An internationally renowned engineer and project manager with decades of experience in leading major infrastructure projects both in the UK and abroad, Waboso will lead Network Rail’s Digital Railway directorate, including the Digital Railway Programme – a cross-industry programme funded and facilitated by Network Rail to boost the capacity of Britain’s rail network using digital signalling and train control technologies. He will report to chief executive Mark Carne, replacing Jerry England, who retires later this year.
Mark Carne, Network Rail chief executive said, “Attracting someone of David's talent highlights the progress we have made and our determination to use technology to unlock capacity on Britain's congested network. The single biggest challenge for Britain’s railway is how to provide the capacity we need for the future”.
As such, David Waboso’s experience at London Underground, where he has led the upgrade of both trains and infrastructure to digital technology, will be hugely valuable as Network Rail makes the case for an accelerated programme to roll out similar technologies across Britain’s rail network.

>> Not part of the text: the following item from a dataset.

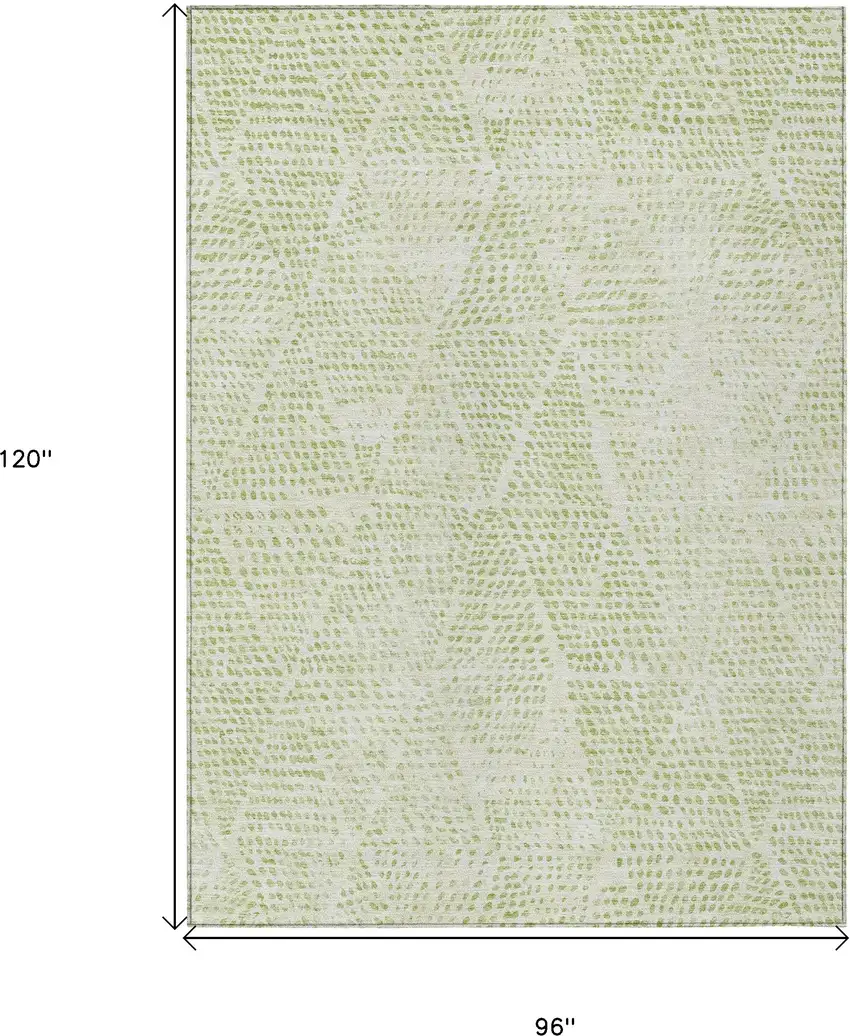 Artichoke Green And Ivory Geometric Washable Indoor Outdoor Area Rug Photo 3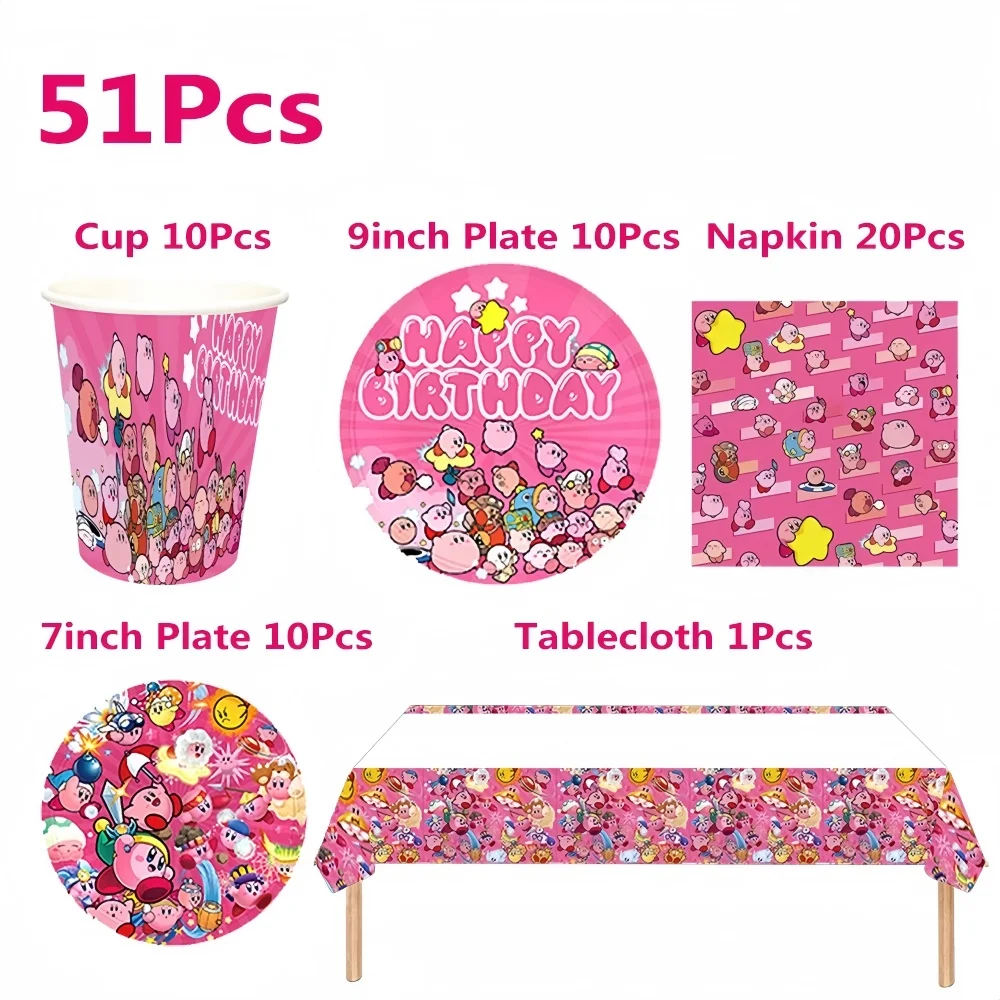 decoracao-de-festa-de-aniversario-star-kirbyeds-conjunto-completo-de-utensilios-para-festa-pratos-canecas-guardanapos-banners-presentes-e-brinquedos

David was recently appointed president of the Association for Project Management. He has an Honorary Fellowship at APM and was awarded a CBE for his services to transport in London. Prior to joining London Underground in 2005, David was executive director at the Strategic Rail Authority where he was responsible for integrating engineering, safety and standards across the industry and led cross-industry national programmes for new signalling and communications systems. Waboso’s project management pedigree includes leadership roles on the Jubilee Line extension and on the Docklands Light Railway. Further afield, he has worked on projects for the European Railway Agency and World Bank-funded infrastructure developments in Africa. This world-class leadership and experience was a major influence behind his appointment as APM's new president.
“All of these roles have helped me to develop the core skills that a project manager requires; that is, learning how to deliver on time, on budget and with the desired outcomes,” he explained in an interview with APM Project editor Jason Hesse.
“The key is to demonstrate that you are an efficient project organisation and are delivering to the right milestones. The investment in the project needs to be turned into assets, which then must turn into benefits. So if you promise to do something by a certain time, you must do it. That’s how you build a world-class organisation.”
And that is what he intends to continue to do in the next phase of his distinguished career.